Are you using Scheme or Common Lisp? For MIT Scheme or similar, you might want
to take the Emacs tutorial in Edwin instead (start MIT Scheme with the "-edit"
flag) since it contains Scheme-specific commands. Also check out
<http://www.gnu.org/software/mit-scheme/> and follow the directions to install
xscheme.elc - it gives you a Scheme-mode optimized for MIT Scheme. This
doesn't compare to SLIME mode for Common Lisp, but I don't know of a good
substitute.

That said, there are QUITE a lot of Emacs and Scheme-mode commands, and the
only way to learn them is through use. Once you're familiar with the basics
(motions and evaluating), you might take a list of commands you want to master
and put up two or three at a time, making a point of using them. Here's a very
limited and basic set of Emacs/Scheme commands:
[http://github.com/bcdarwin/SICP/blob/master/emacs_bindings_s...](http://github.com/bcdarwin/SICP/blob/master/emacs_bindings_sheet.html)

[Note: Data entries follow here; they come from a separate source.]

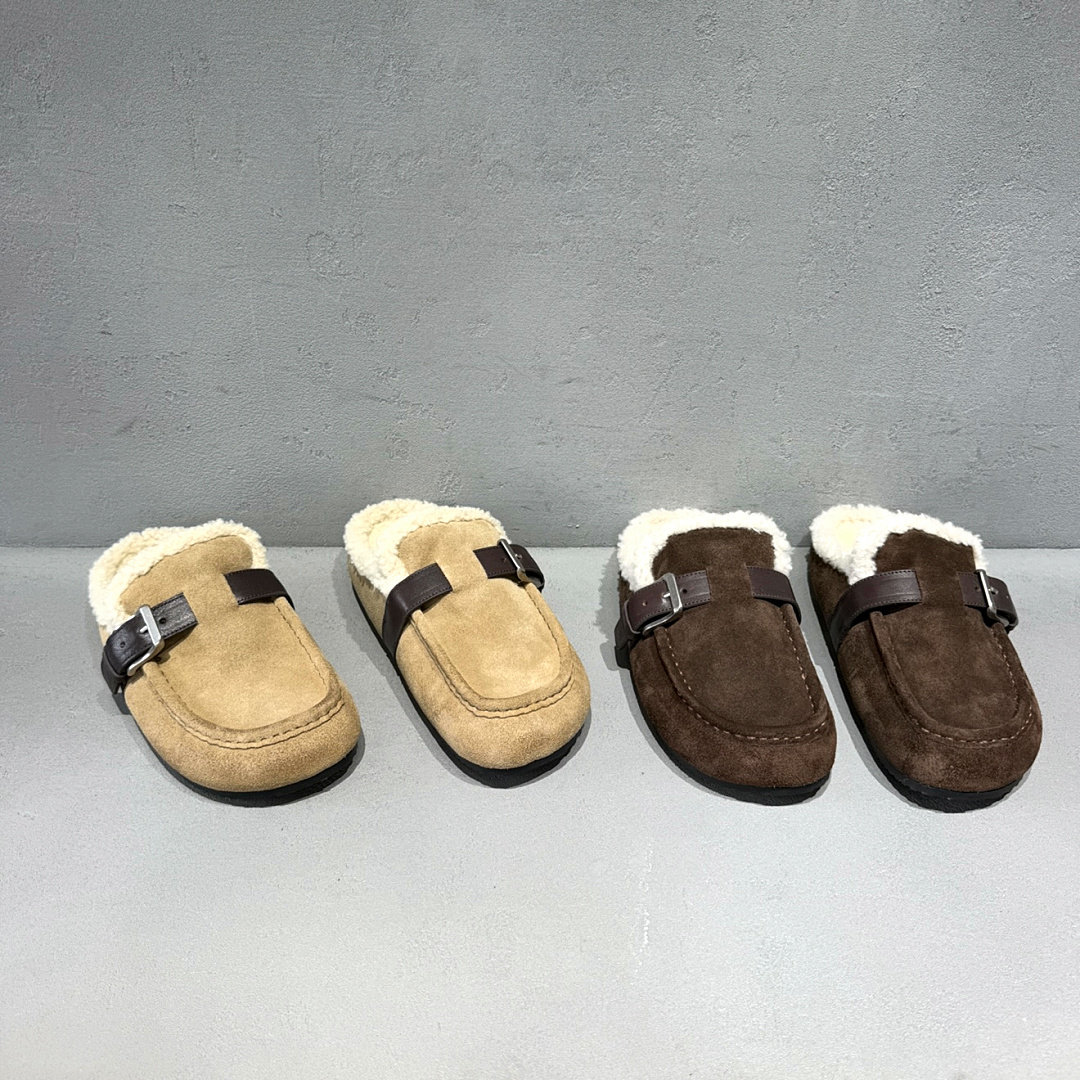 先峰名典牛皮包头半拖女鞋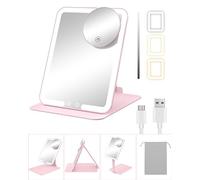 Gospire Specchio da trucco da viaggio con luci e ingrandimento 10X, specchio da tavolo compatto portatile con supporto regolabile, 3 luci colorate, ricaricabile a LED, specchio cosmetico - rosa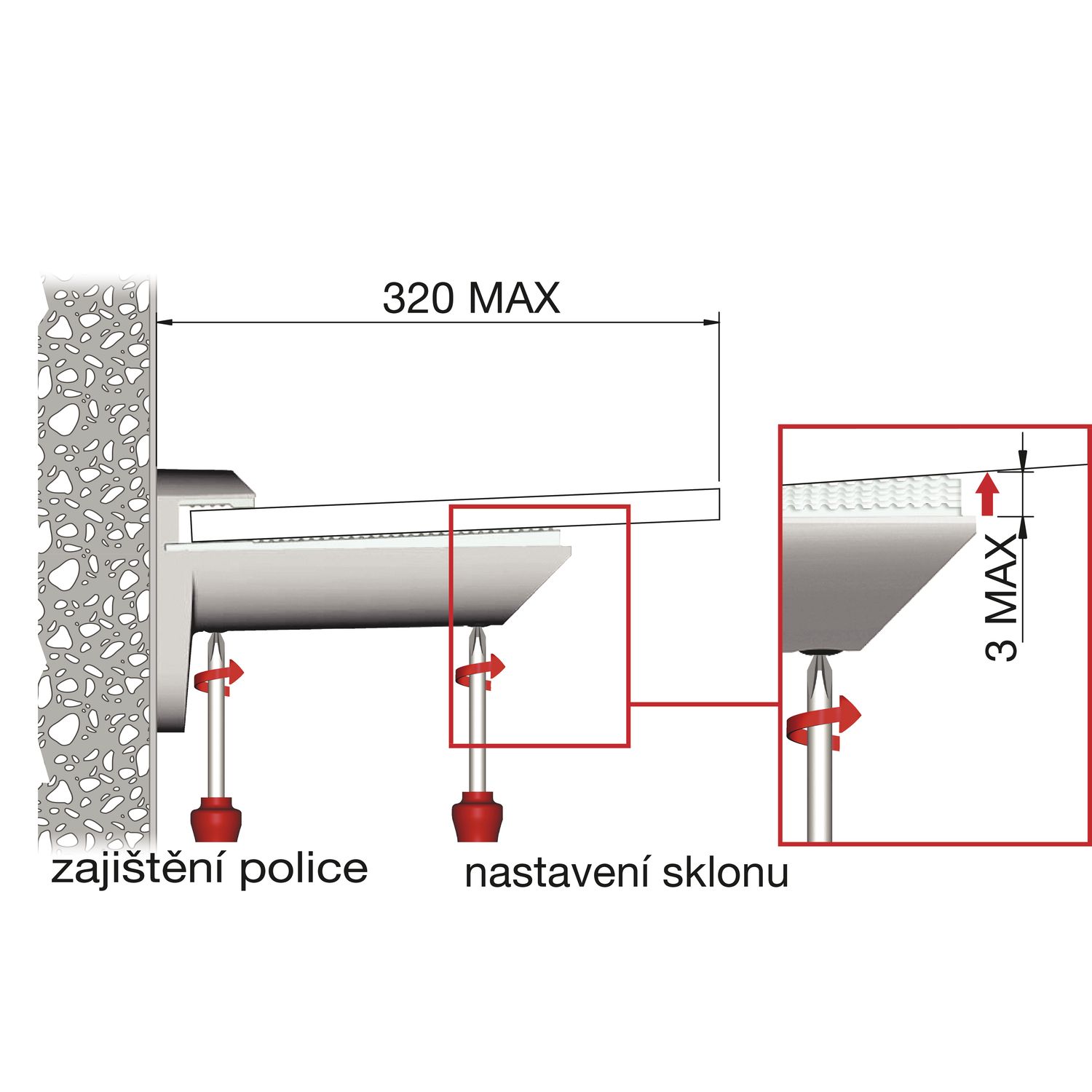 Podpěra polic Kaiman 7-41 Černá (pár)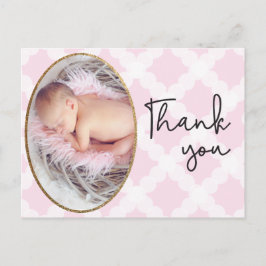 Cartão Postal Garota Obrigado Pink Baby Photo Birt Anúncio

There is also customization via the .emacs file or Emacs Lisp programming; see
the Emacs info documentation or the O'Reilly books on this.

------
mnemonicsloth
You might try the elisp programming intro. You can read it online at
<http://www.gnu.org/software/emacs/emacs-lisp-intro/>, but the right way to
access it is within emacs. It should have an entry in the list of top-level
nodes you'll see if you hit M-x info.

Emacs also has a built-in repl, the Interactive ELisp Mode. Hit M-x (alt-x)
and type ielm (your cursor will have jumped down to the minibuffer below the
mode line) and hit enter. You'll find yourself in a buffer with an elisp
prompt, where you can use tab completion and elisp's doc functions to do a lot
of learning:

    
    
      (documentation FOO)
      (apropos STRING)
    

documentation finds the docstring attached to function FOO and apropos
searches for functions whose names match STRING.

------
Ixiaus
DrScheme (included with PLT-Scheme) is best for learning Scheme IMHO - the
different language packs are really helpful, the stepper is AMAZING (using the
stepper was the only way I was able to grasp/see a continuation and collector
in real time).

Emacs is my primary programming environment but thus far DrScheme beats Emacs
with it's visual debugger and stepper - it is perfect for learning.